Both sides expressed hope that the situation can be resolved soon, but the fact remains that the society, which has run the Fair Street animal shelter for about 17 years, is so fed up with the lack of progress being made with negotiations over its latest contract that it sent the city notice last week that it will vacate the shelter if a new contract is not in place by July 15.
“We’ve been trying to get this thing resolved for months and have made little or no progress,” shelter Director Cathy Augros said. “We’re somewhat in limbo. It’s had serious impacts on operations at the shelter.”
Augros said the lack of movement on some key provisions that don’t necessarily involve money has caused the shelter to put off important decisions regarding staffing, purchasing and other issues. City Risk Manager Bob Koch said those provisions include who will be responsible for maintenance of the shelter building, changes to the ill-and-injured-animal policy and charges for quarantining and other special services.
If the society were to vacate the shelter, Augros said, it would “appeal to the community” to adopt as many of the animals as possible. Any animals not adopted would become the responsibility of the city, a prospect that could spell the end for many of the critters. While the Humane Society is obliged to spare the lives of as many strays as possible, the city is required to keep unwanted animals for only six days after they are picked up.

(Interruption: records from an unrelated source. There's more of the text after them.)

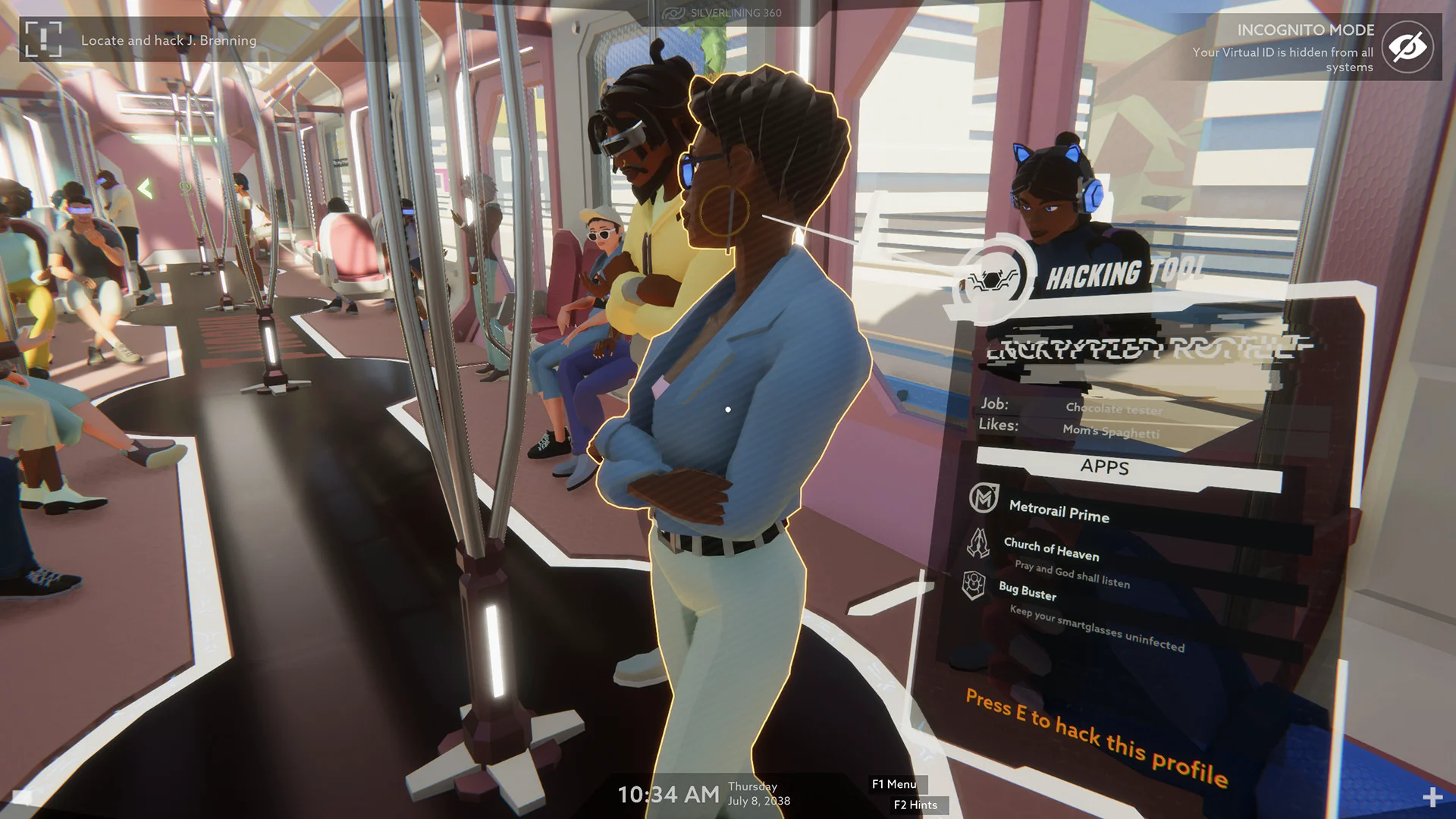 Operation: Tango screenshot 2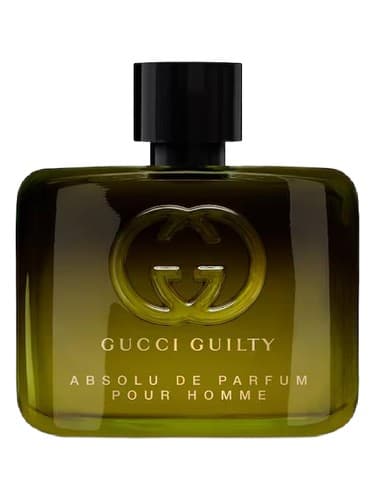 GUCCI GUILTY ABSOLU (MUŠKI)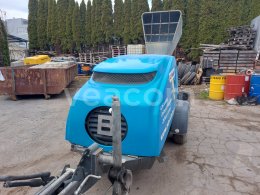 Online auction: PUTZMEISTER  ESTRICH BOY 450B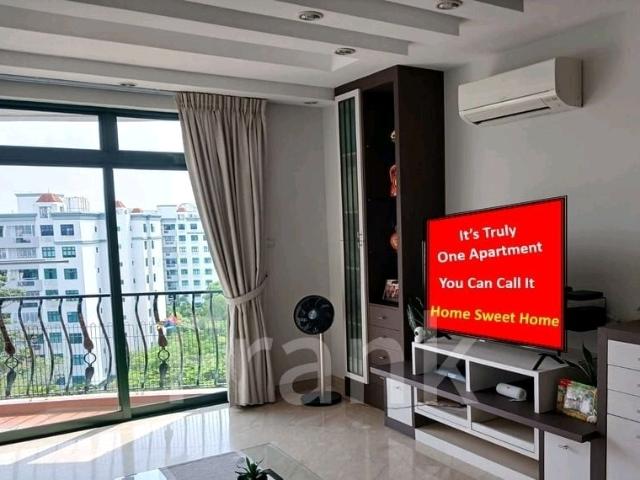Condominium for sale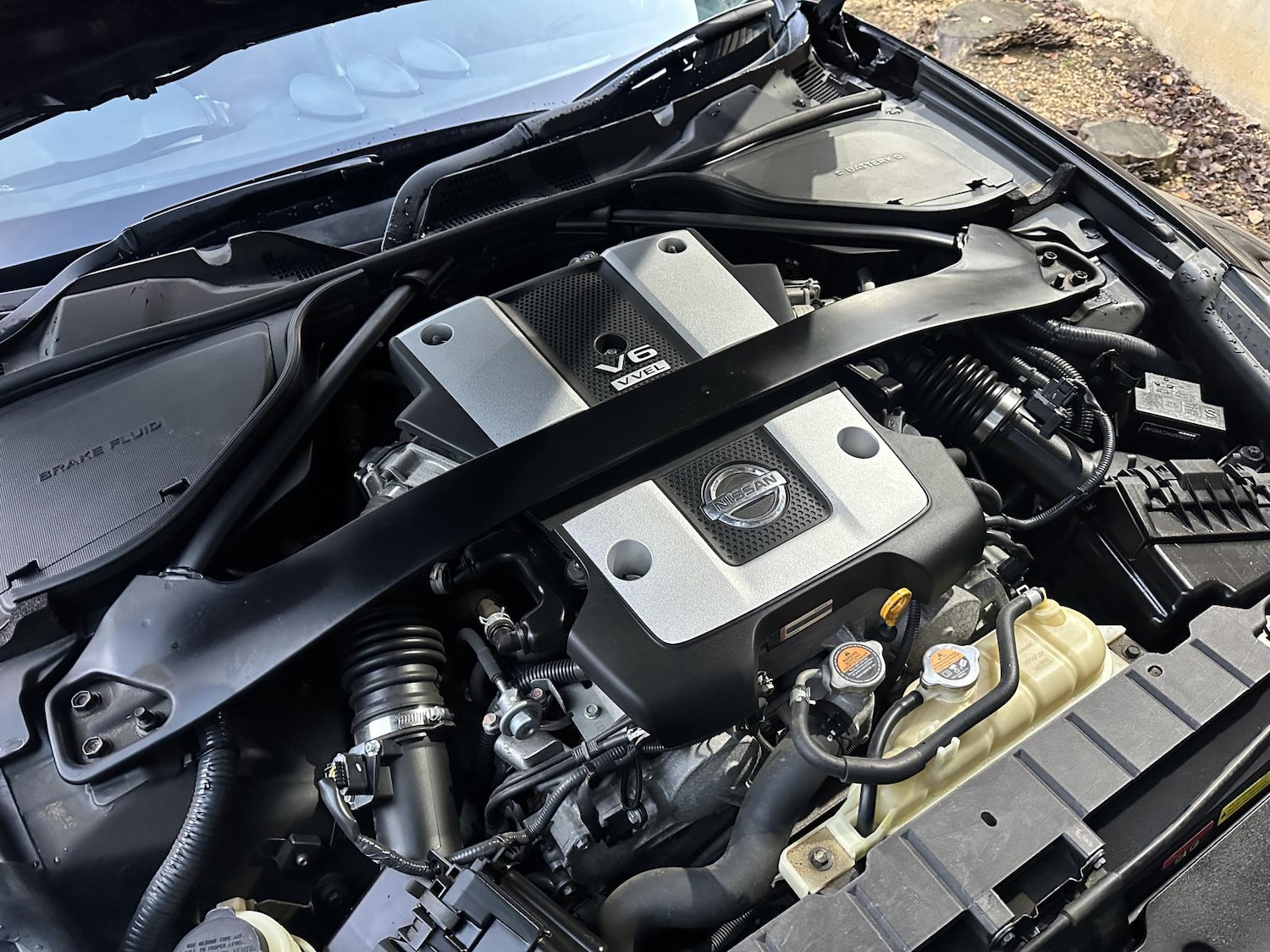 Used Nissan 370 Z 2015 for sale - 76709830: Photo 35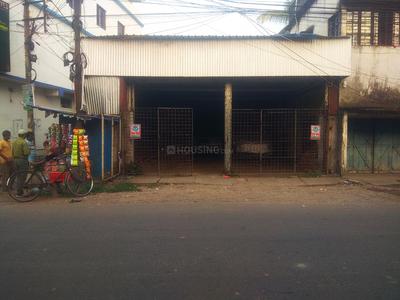 Commercial Plot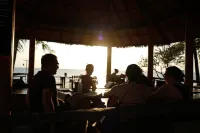 Nature Beach Resort - Romanttinen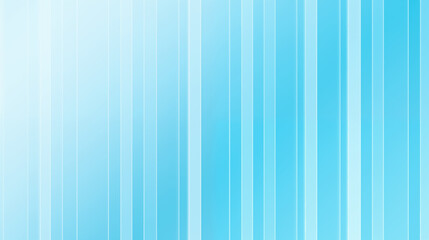 Obraz premium Simple blue business background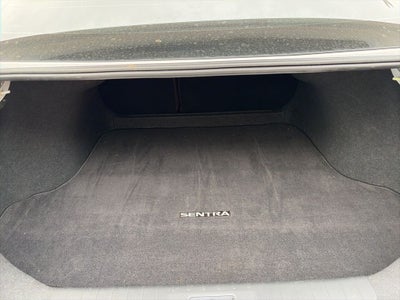 2023 Nissan Sentra SR CLEAN 1OWNER CARFAX. LEATHER WHEELS BODY KIT!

City administrators said the notice to vacate took them by surprise, especially since the City Council’s Finance Committee voted unanimously last week not only to renew the shelter’s contract for one year but also to raise its budget by $30,000. That decision will be finalized July 6, when the City Council approves next year’s budget.

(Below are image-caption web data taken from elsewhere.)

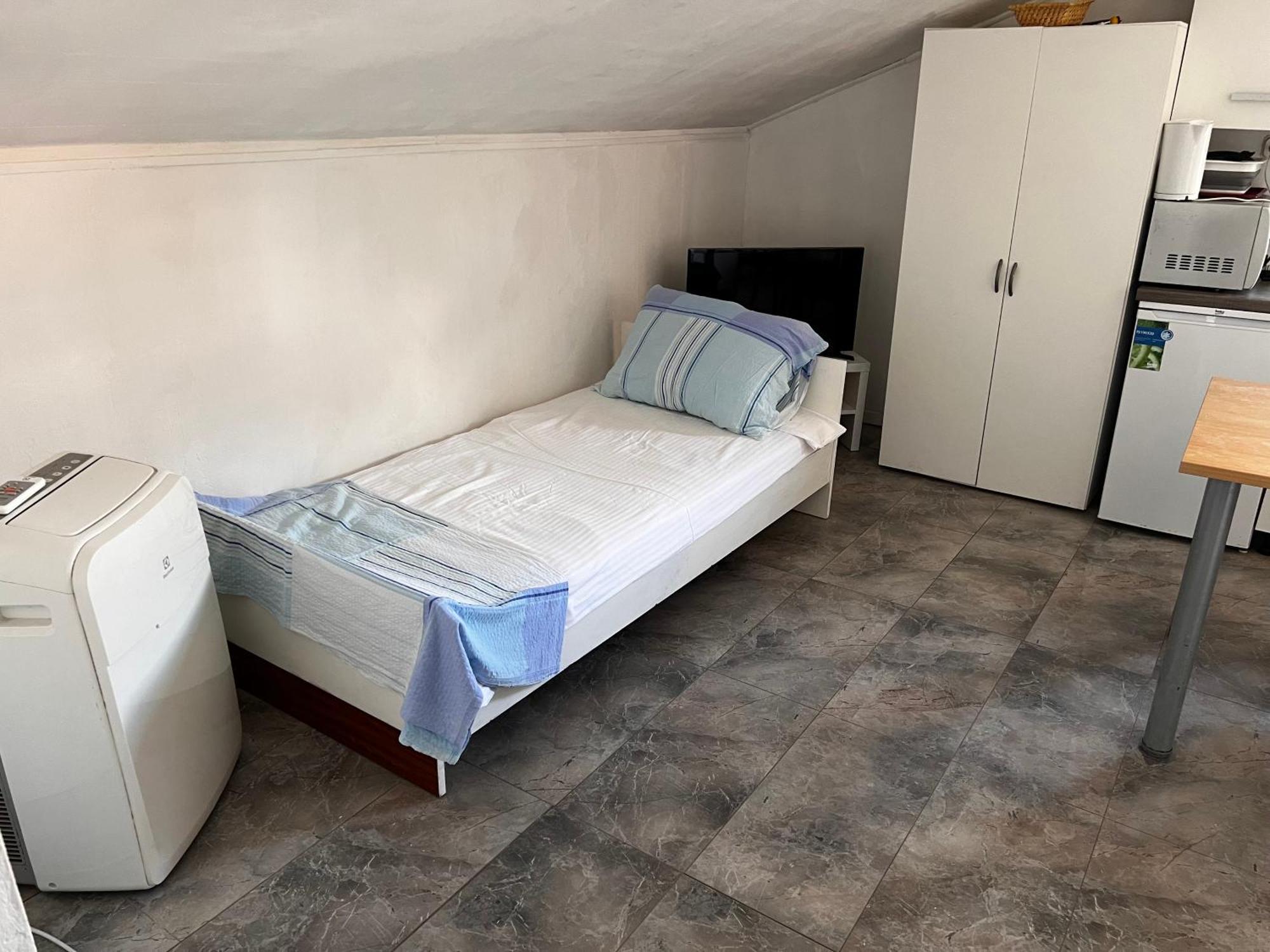 Leila Apartment Trogir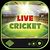 Live Cricket App
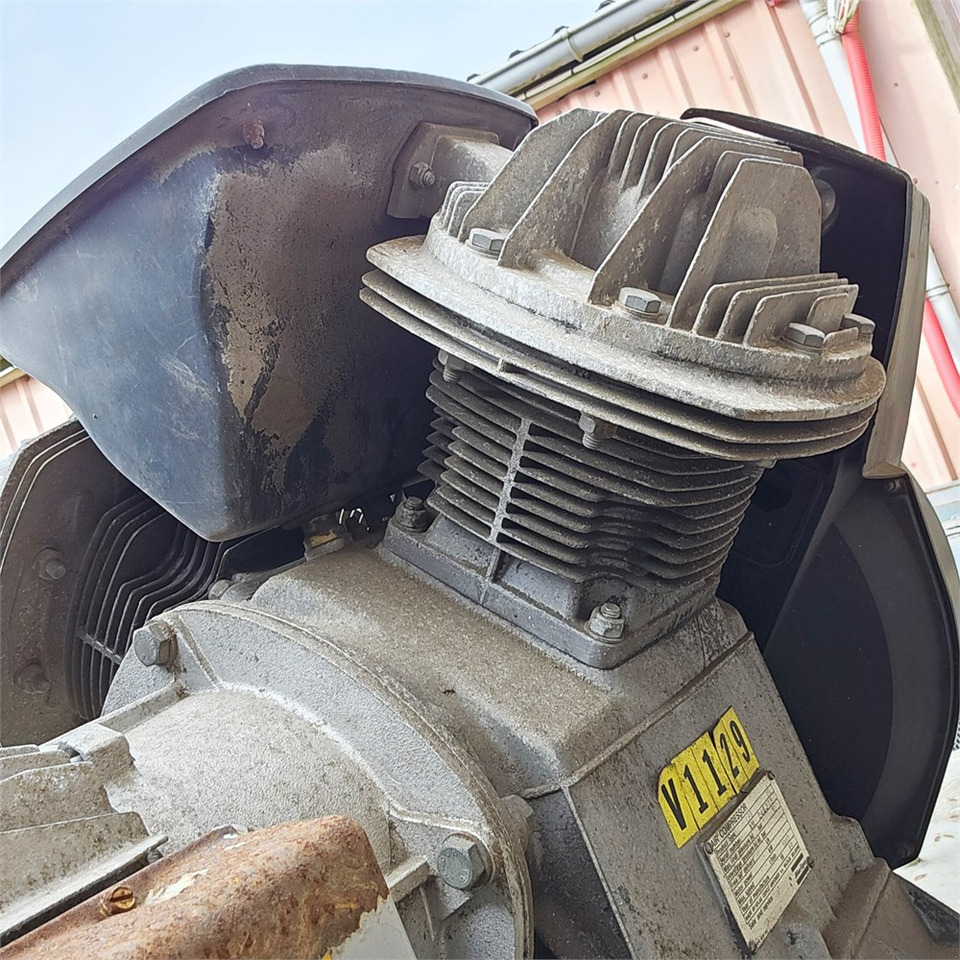 Gaisa kompresors Atlas Copco Compressor: foto 9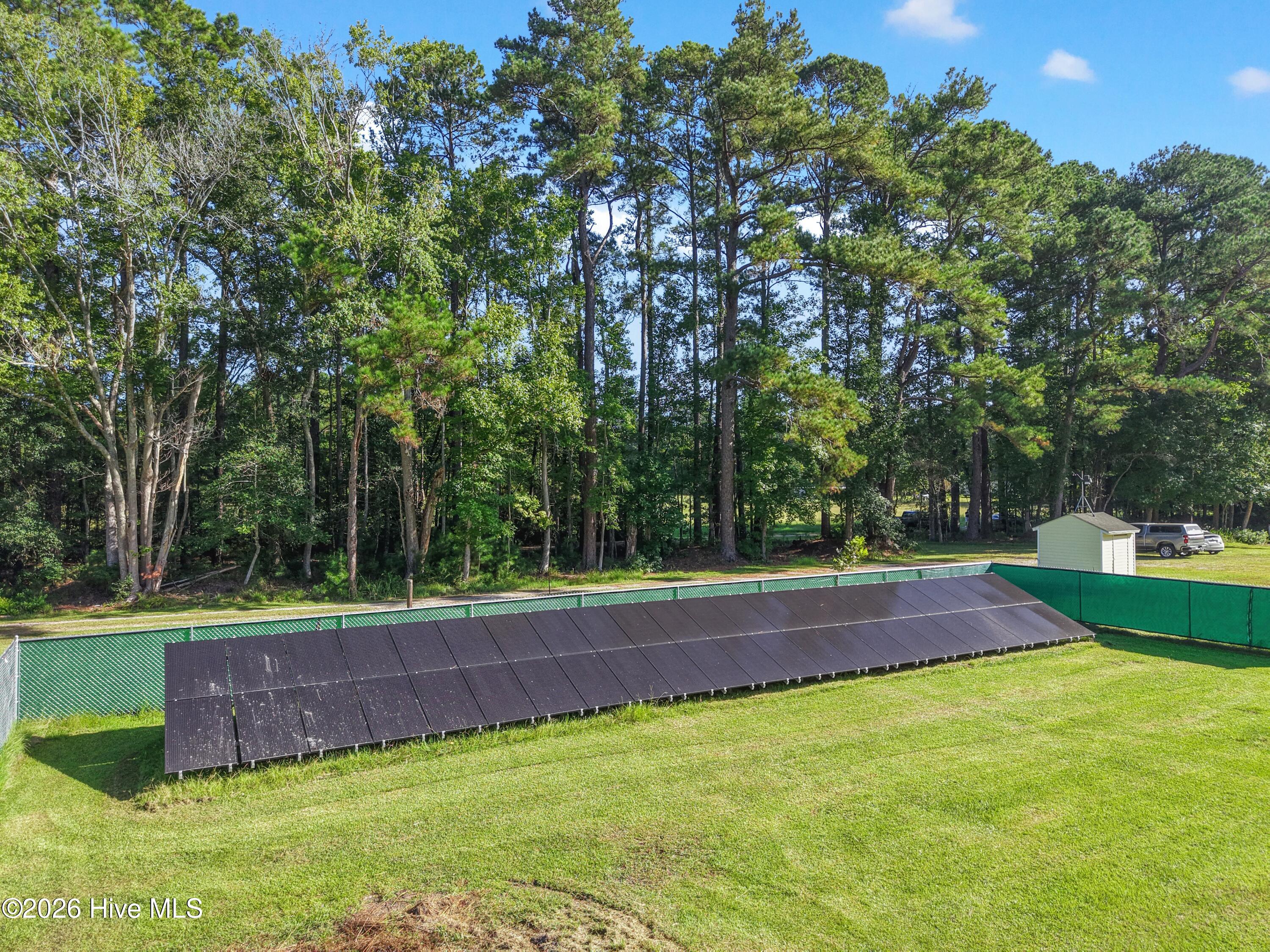 5521 Rl Lewis Lane SE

But Augros noted that the council is only renewing what is already in place, not approving a new contract. Ten years ago, when the last shelter contract was signed, the negotiations that preceded it dragged on for three years, and Augros said the society can’t afford to see that happen again.
“It’s really not an issue of whether it can be worked out; it’s when it will be worked out,” she said.

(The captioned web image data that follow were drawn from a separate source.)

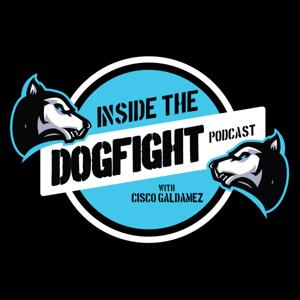Inside The Dogfight Podcast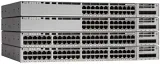 Original Switch C9200 Series C9200L-48P-4X-E C9200L 48-Port PoE+ 4 X 10G Network Switch C9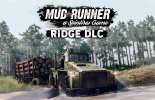 MudRunner lanzó un complemento gratuito The Ridg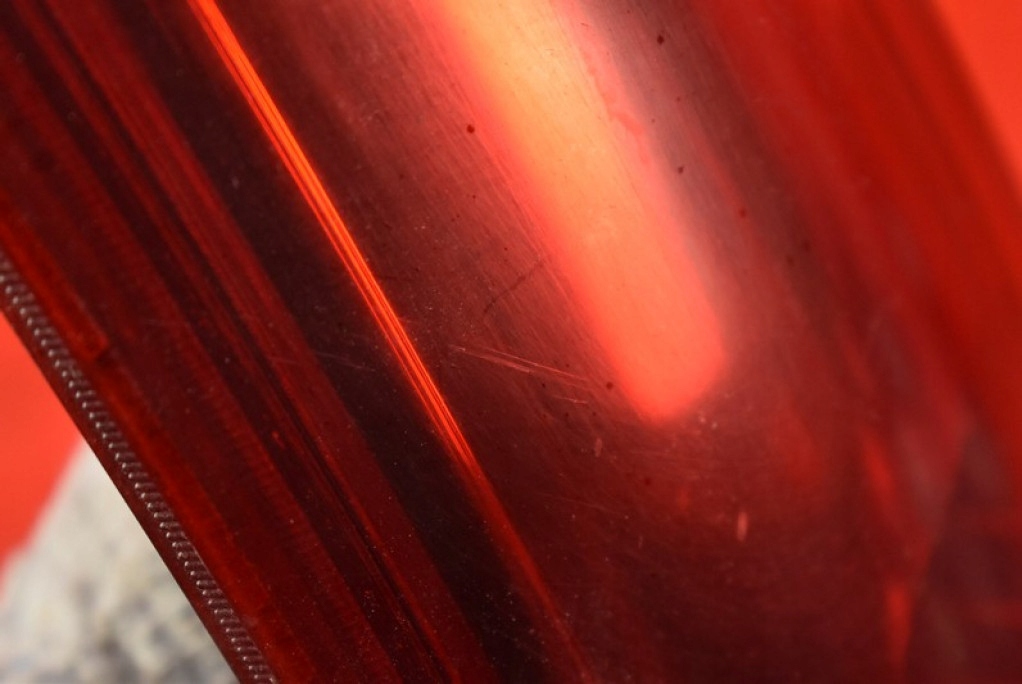 фото №8, Лампа ліва задня задня верхній 92403-1h3 kia ceed 1 i kombi 06-12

Augros said she is optimistic about the prospects of getting a contract. But if the city stonewalls, the society may be forced to make good on its threat, which would put the fate of as many as 200 animals up in the air.
The latest flap over the fate of the animal shelter comes just a few weeks after it was disclosed that the city was considering shutting out the Humane Society altogether and contracting with the Town of Paradise to provide shelter services. That idea seemed to have run out of steam by the time it got to the Finance Committee, as one city employee said the committee barely even looked at the Paradise proposal.
Cuts to animal shelters have also proven controversial at the state level, as last week Governor Schwarzenegger backed off on a plan that would have saved the state about $14 million by cutting the number of days cities must house stray animals from six to three. Already, about 600,000 animals are euthanized in California every year.